What plants do u keep in your 2.5g? Do you use any liquid ferts in it? Do you use just a air stone or a sponge filter? That pic of that lil tank is nuts.
mattd


----------



## traumatic (Jan 29, 2003)

for tanks this size, people use mosses and tiny leaved plants like hemianthus caltrichoides as well as tiny roots off felled trees to build a scape. IMO there is no such thing as a filter for a tank this small. The tank filters itself w/ the volume of water it has and the water changes. There are a lot of different mosses out there that have lots of different textures. If you think about it, a tank this small really is a micro habitat and such things as snails could possibly be the only inhabitants that you can easily see w/ the naked eye. They themselves are fairly hardy and can make do in a tiny environment.


----------



## LS1FDRx7 (Mar 6, 2007)

Yepp these small tanks are awesome. Easy to do, easy to work on, just limited to what you can put in it. Also everyday the water needs to be added because being so small, it evaportates alot.


----------



## mattd390 (Dec 5, 2005)

LS1FDRx7 said:


> View attachment 168335
> 
> 
> Yepp these small tanks are awesome. Easy to do, easy to work on, just limited to what you can put in it. Also everyday the water needs to be added because being so small, it evaportates alot.

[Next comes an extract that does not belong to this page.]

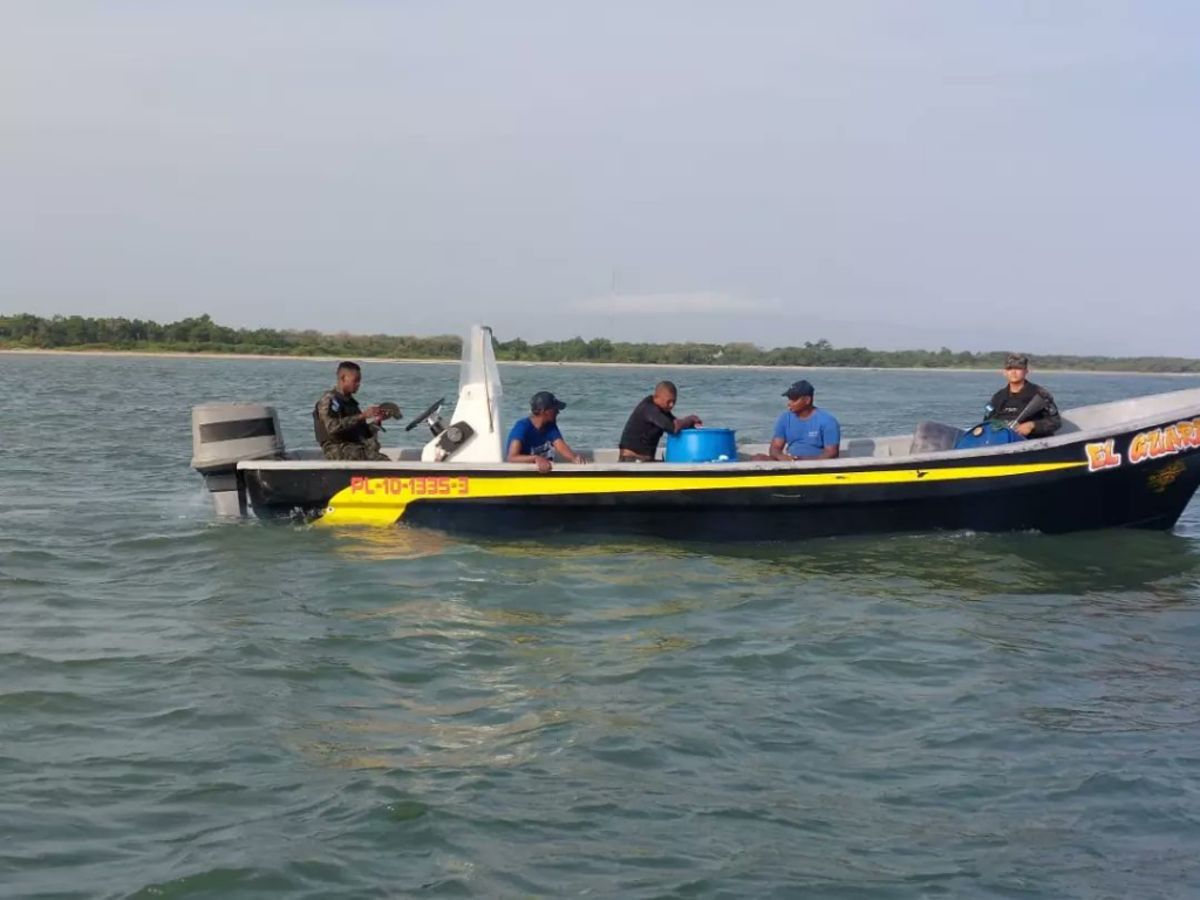 Detención judicial a dos hondureños y colombiano con 107 kilos de cocaína en Gracias a Dios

wow that's so dam small its nuts. I was thinking of something a little bit smaller for work though. I could see that getting knocked off my desk about 100 times a day.


----------



## LS1FDRx7 (Mar 6, 2007)

We'll here's a 6.5 gallon tank that I think would look awesome for a office desk. It even shows you step by step on how to make it. I like Olive Knott's aquascaping, it just looks so damn nice. Take a look at his website. He's a avid aquascaper. You might find some inspiration or even ideas.

http://www.pbase.com/plantella/25_liter_sbs_nr1


----------



## mattd390 (Dec 5, 2005)

LS1FDRx7 said:


> We'll here's a 6.5 gallon tank that I think would look awesome for a office desk. It even shows you step by step on how to make it. I like Olive Knott's aquascaping, it just looks so damn nice. Take a look at his website. He's a avid aquascaper. You might find some inspiration or even ideas.
> 
> http://www.pbase.com/plantella/25_liter_sbs_nr1


Thanx that page definitely answered a couple questions I had. Thank you!

mattd


----------